Extracted material Block Start

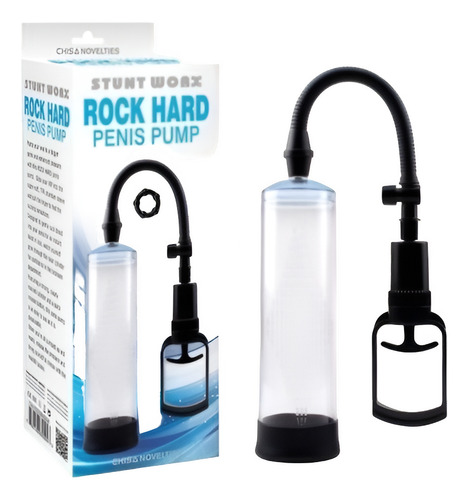 Bomba De Vacio Rock Hard Penis Pump Facil De Utilizar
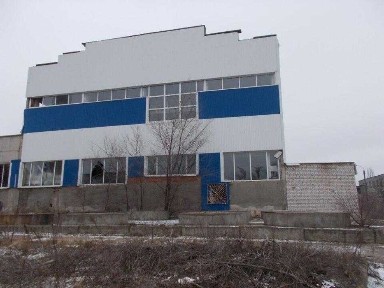 Будівля головного виробничого комплексу колишнього сиркомбінату заг. пл. 19 467 кв. м.
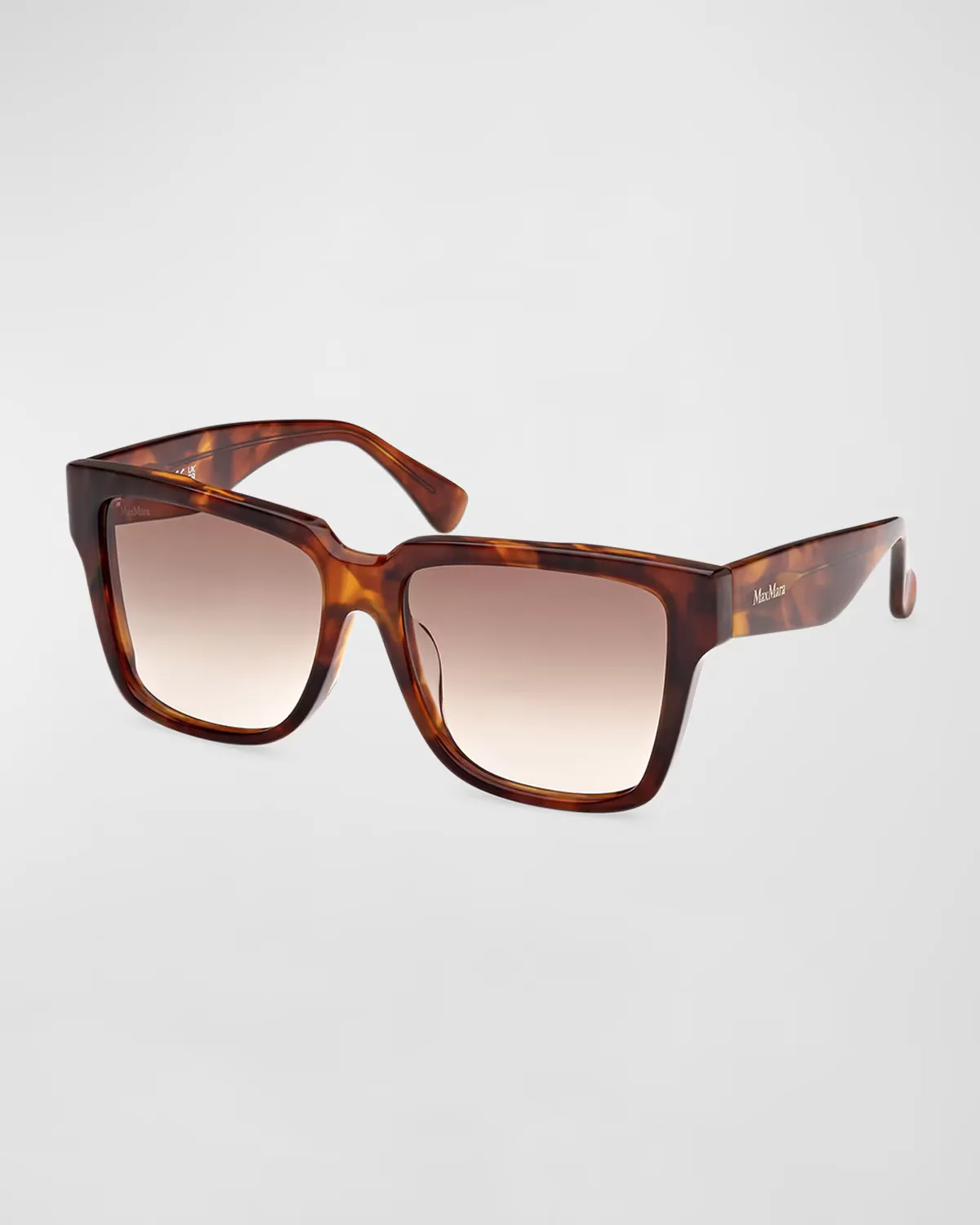 Glimpse Acetate Square Sunglasses by Max Mara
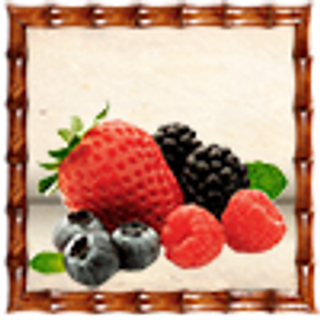 Zumo De Frutas Del Bosque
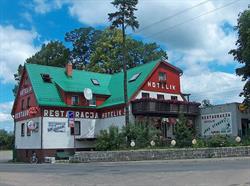 Nad Stawami. Restauracja
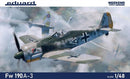 Eduard 84205 1/48Fw 190A-3 1/48WEEKEND EDITION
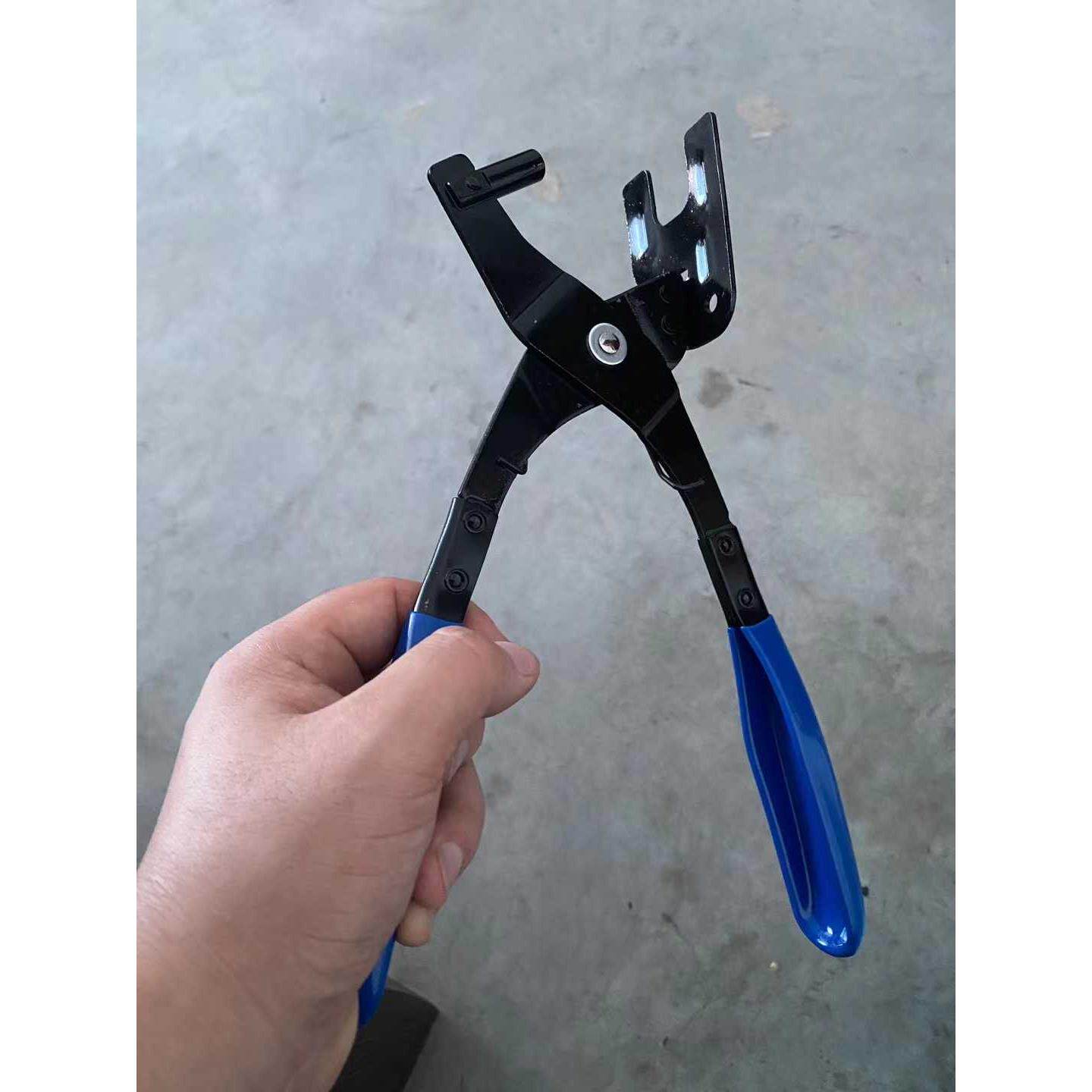 汽车排气管橡胶垫拆卸钳 排气管吊耳拆卸工具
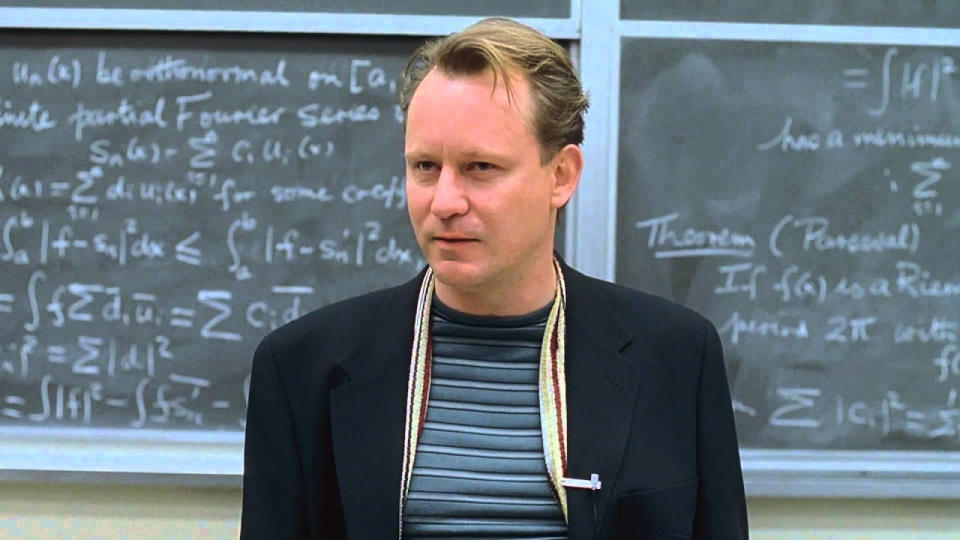 Stellan Skarsgård in Good Will Hunting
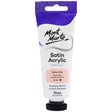 Mont Marte Satin Acrylic Paint Premium 75ml - Yellow Pink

Extracted material Block End

__Your assignment__
Starting with the line that contains "Будівля головного виробничого" and ending with the last line of the material, every line must be written out exactly; no other lines and no pictures are wanted.

__Answer to the problem__
 Будівля головного виробничого комплексу колишнього сиркомбінату заг. пл. 19 467 кв. м.
 Glimpse Acetate Square Sunglasses by Max Mara
 Zumo De Frutas Del Bosque
 Nad Stawami. Restauracja
 Eduard 84205 1/48Fw 190A-3 1/48WEEKEND EDITION
 汽车排气管橡胶垫拆卸钳 排气管吊耳拆卸工具
 Stellan Skarsgård in Good Will Hunting
 Mont Marte Satin Acrylic Paint Premium 75ml - Yellow Pink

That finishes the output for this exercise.